*** Begin section ***

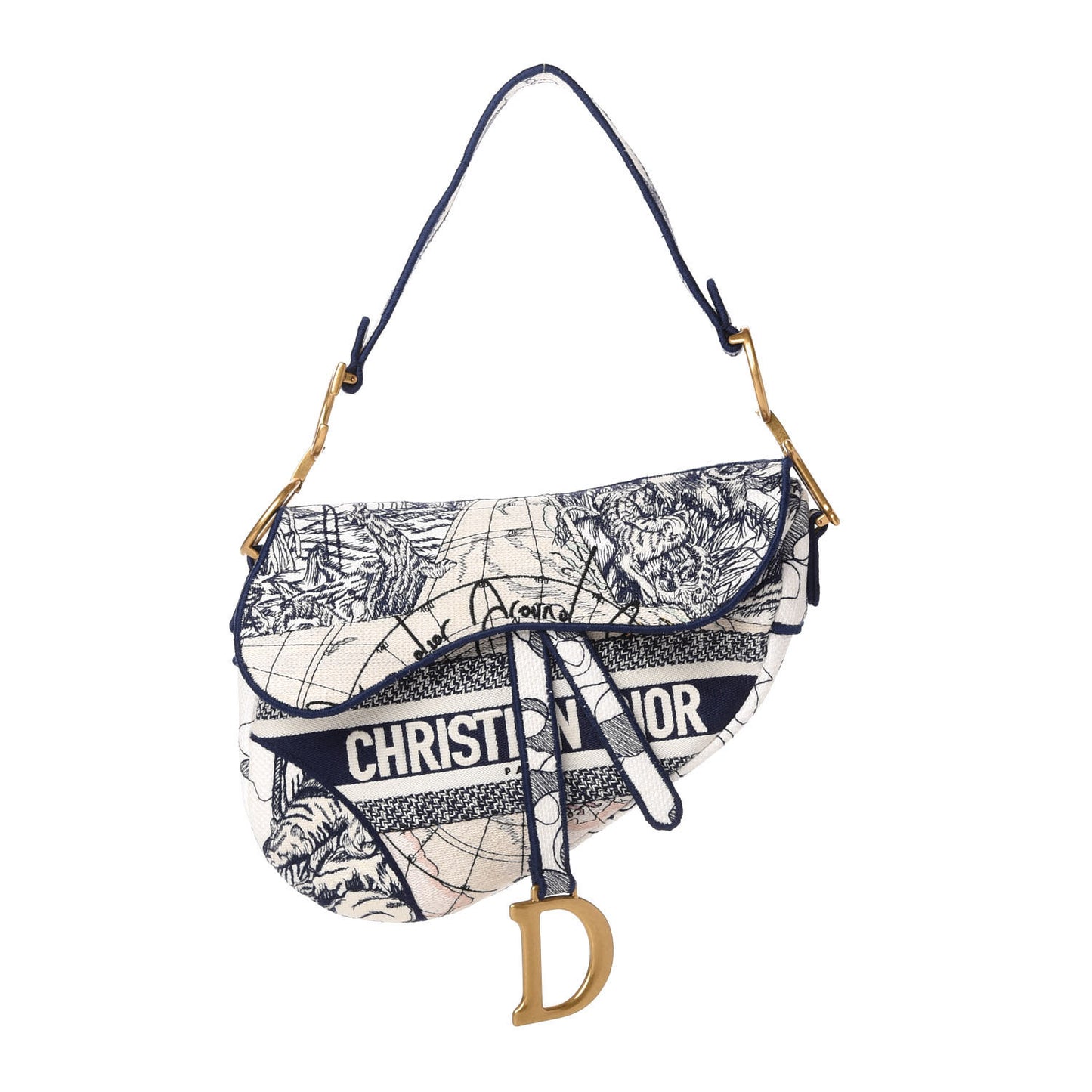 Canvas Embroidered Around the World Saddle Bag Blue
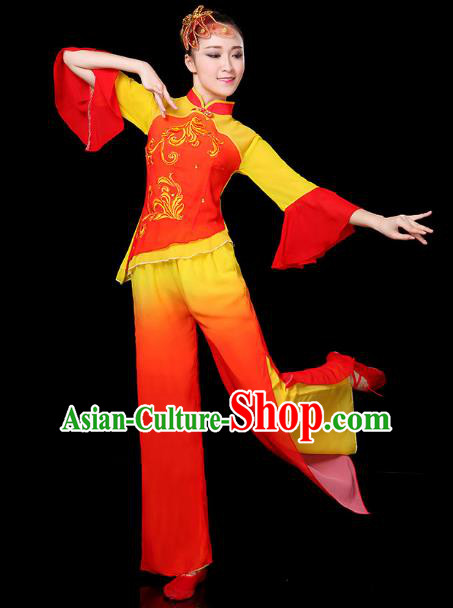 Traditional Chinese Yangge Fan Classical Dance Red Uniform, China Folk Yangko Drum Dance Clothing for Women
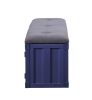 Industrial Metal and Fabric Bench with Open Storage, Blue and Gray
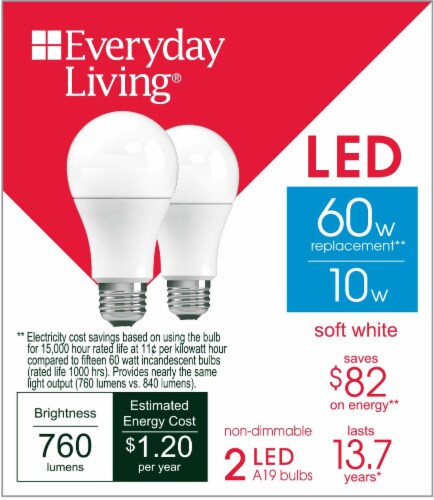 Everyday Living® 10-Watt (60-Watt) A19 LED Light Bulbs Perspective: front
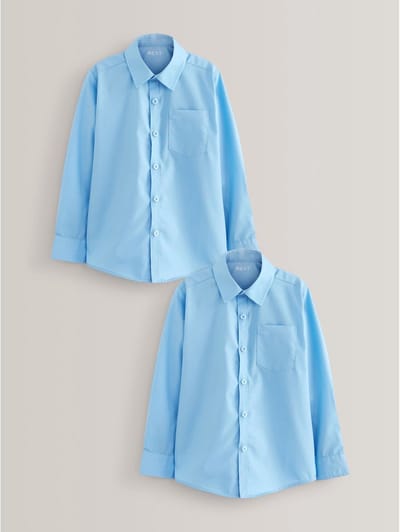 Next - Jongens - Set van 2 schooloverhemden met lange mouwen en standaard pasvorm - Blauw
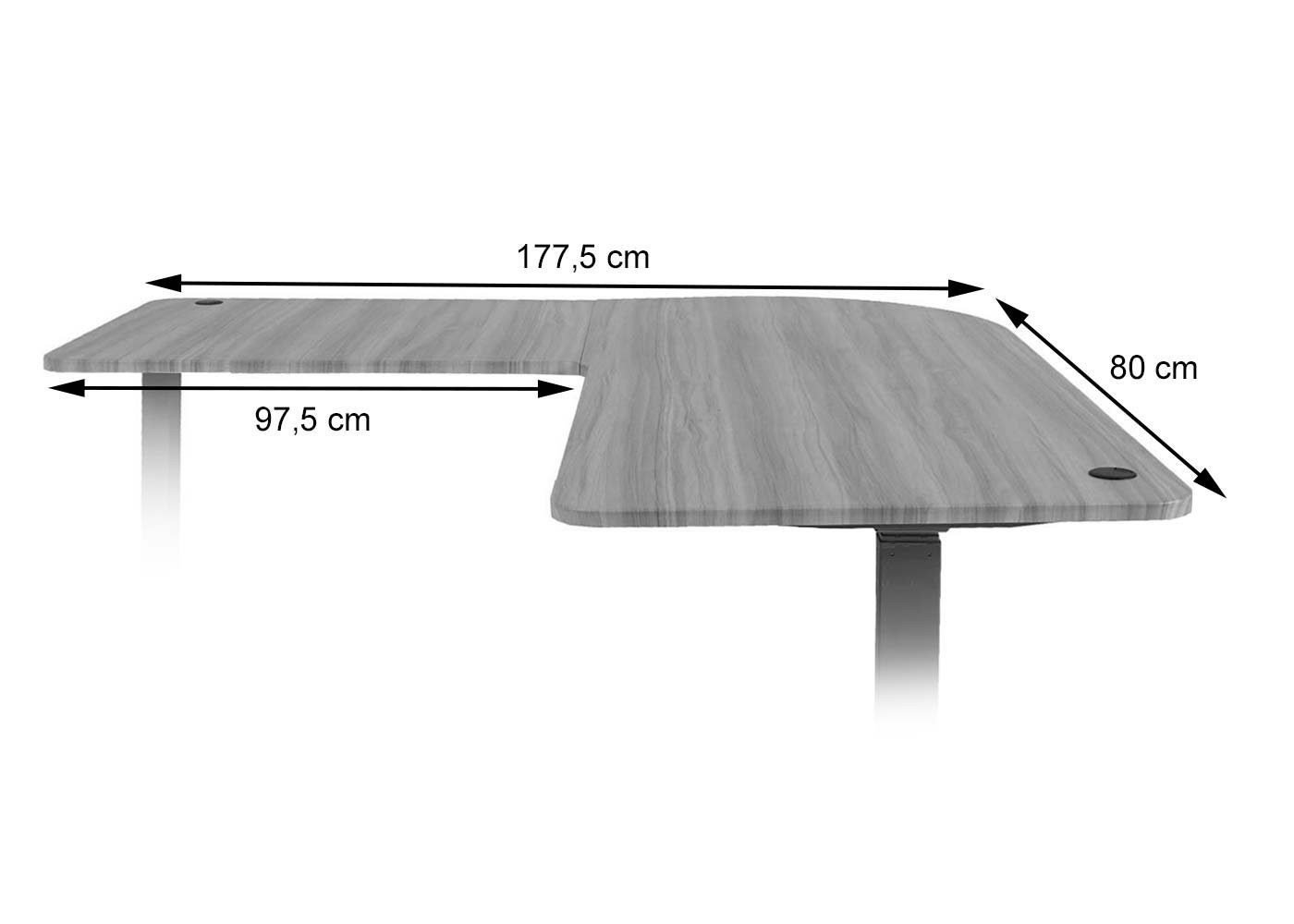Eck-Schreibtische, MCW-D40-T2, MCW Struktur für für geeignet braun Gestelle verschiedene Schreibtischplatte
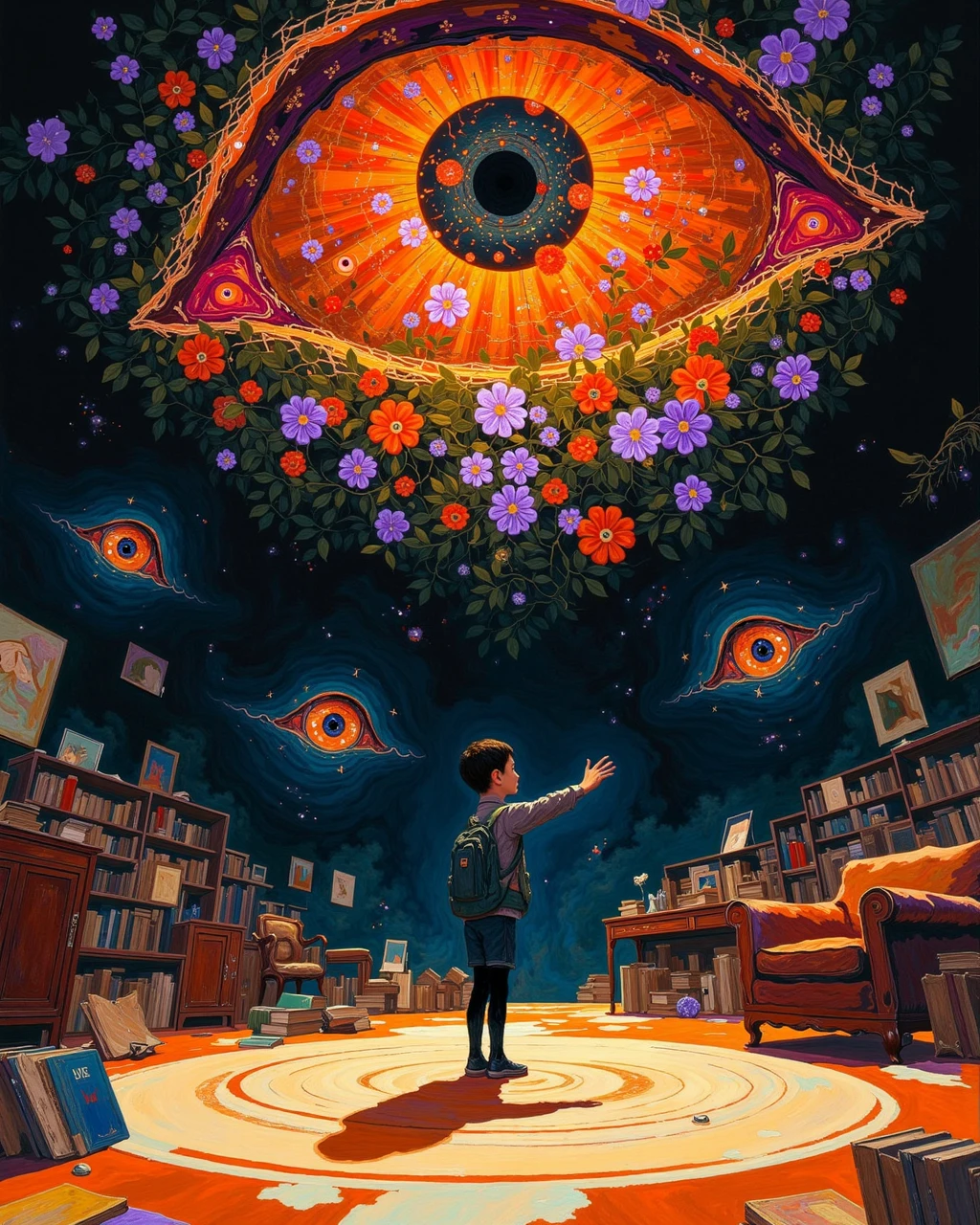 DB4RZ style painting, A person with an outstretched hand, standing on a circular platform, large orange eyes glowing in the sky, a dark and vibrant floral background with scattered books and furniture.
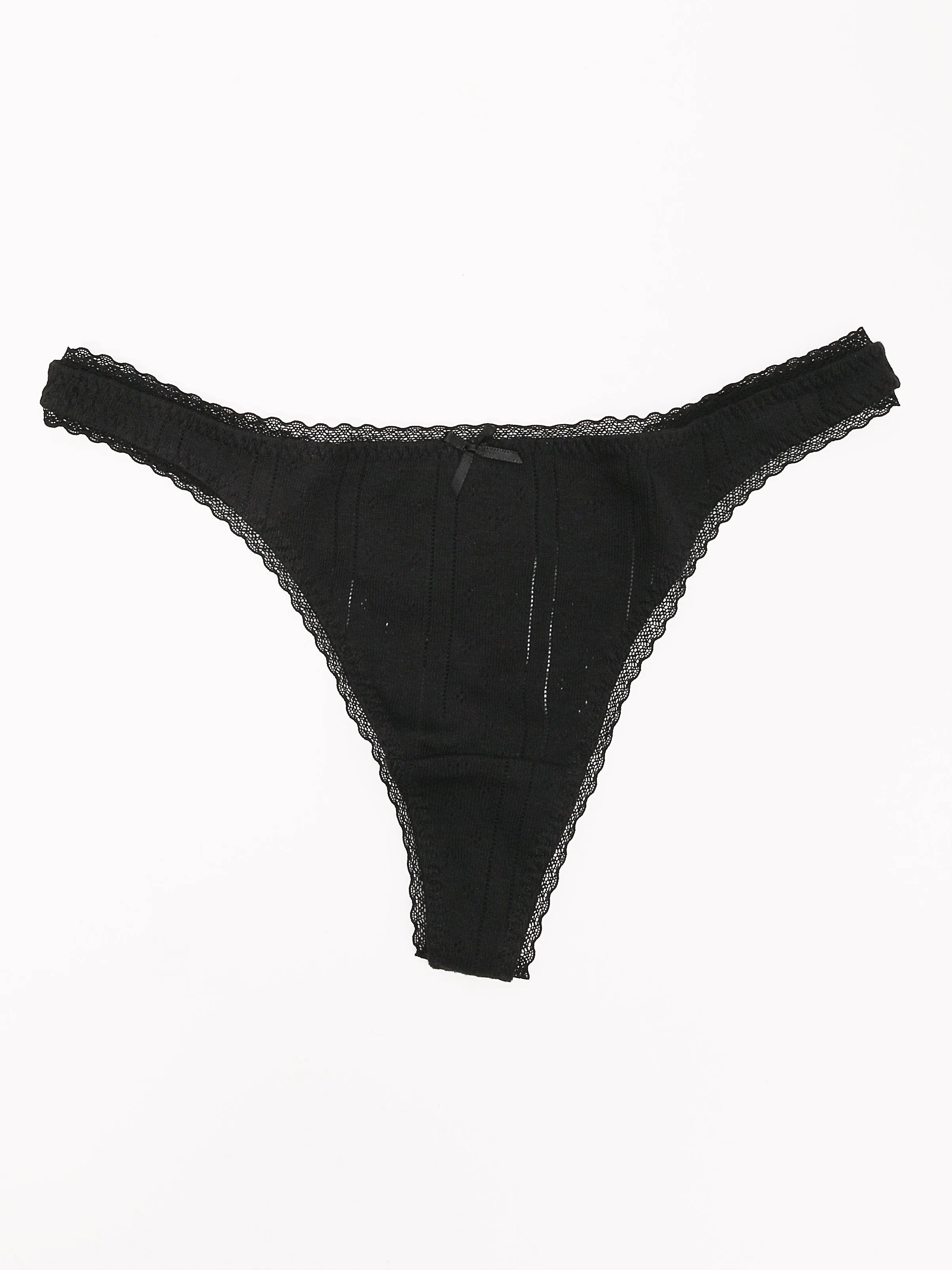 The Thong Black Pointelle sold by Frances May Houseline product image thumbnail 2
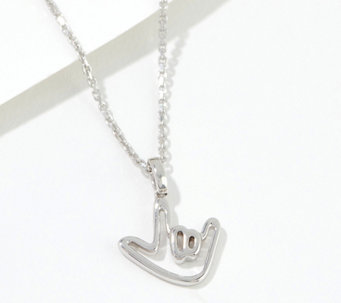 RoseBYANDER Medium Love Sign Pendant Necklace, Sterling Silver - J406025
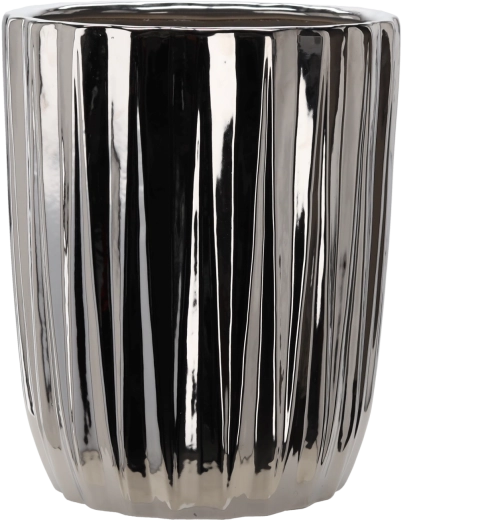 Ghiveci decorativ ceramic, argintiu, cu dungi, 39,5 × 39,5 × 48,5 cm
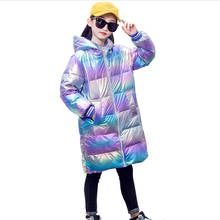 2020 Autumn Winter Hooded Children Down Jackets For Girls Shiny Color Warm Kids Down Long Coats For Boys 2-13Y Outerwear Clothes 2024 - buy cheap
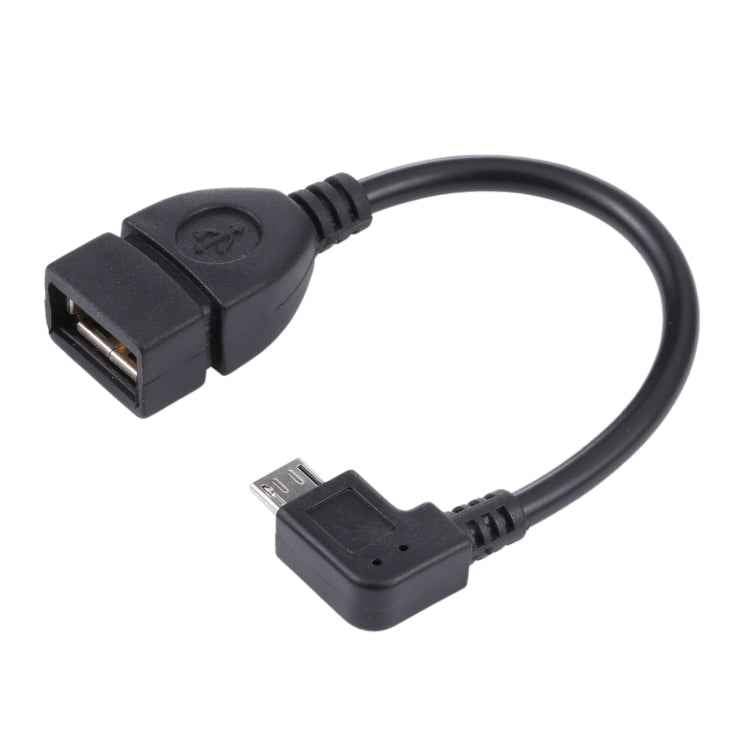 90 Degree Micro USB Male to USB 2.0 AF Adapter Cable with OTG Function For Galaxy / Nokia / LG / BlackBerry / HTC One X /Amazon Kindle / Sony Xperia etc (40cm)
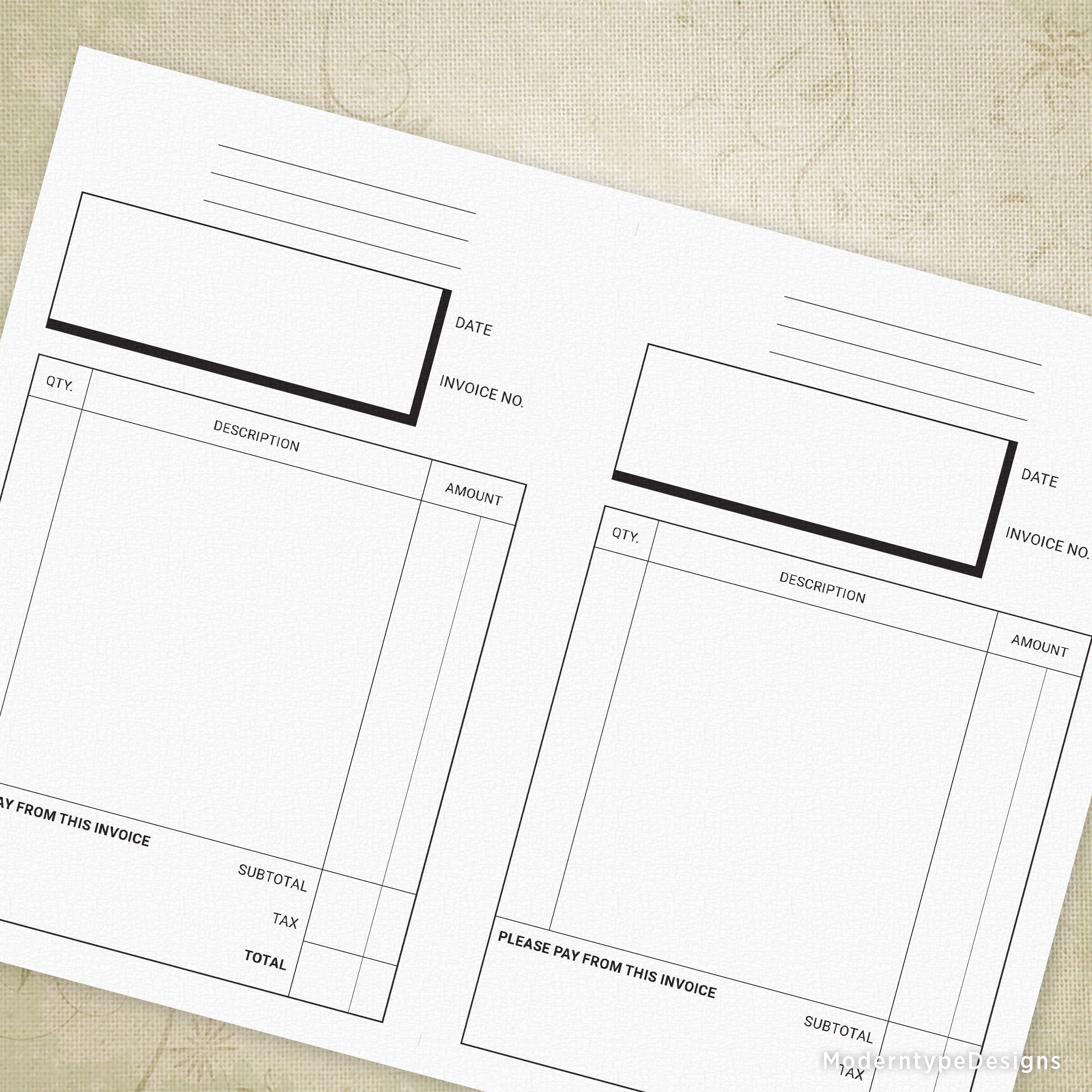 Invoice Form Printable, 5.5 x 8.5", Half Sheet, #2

*** End section ***

→ **What you should do**:
Transcribe every record above exactly, leaving out the pictures.

→ **The answer**:
 Canvas Embroidered Around the World Saddle Bag Blue
 Traditional Chinese Yangge Fan Classical Dance Red Uniform, China Folk Yangko Drum Dance Clothing for Women
 Industrial Metal and Fabric Bench with Open Storage, Blue and Gray
 Everyday Living® 10-Watt (60-Watt) A19 LED Light Bulbs Perspective: front
 Next - Jongens - Set van 2 schooloverhemden met lange mouwen en standaard pasvorm - Blauw
Eck-Schreibtische, MCW-D40-T2, MCW Struktur für für geeignet braun Gestelle verschiedene Schreibtischplatte
 DB4RZ style painting, A person with an outstretched hand, standing on a circular platform, large orange eyes glowing in the sky, a dark and vibrant floral background with scattered books and furniture.
 The Thong Black Pointelle sold by Frances May Houseline product image thumbnail 2
 RoseBYANDER Medium Love Sign Pendant Necklace, Sterling Silver - J406025
 Ghiveci decorativ ceramic, argintiu, cu dungi, 39,5 × 39,5 × 48,5 cm
 2020 Autumn Winter Hooded Children Down Jackets For Girls Shiny Color Warm Kids Down Long Coats For Boys 2-13Y Outerwear Clothes 2024 - buy cheap
 90 Degree Micro USB Male to USB 2.0 AF Adapter Cable with OTG Function For Galaxy / Nokia / LG / BlackBerry / HTC One X /Amazon Kindle / Sony Xperia etc (40cm)
 Invoice Form Printable, 5.5 x 8.5", Half Sheet, #2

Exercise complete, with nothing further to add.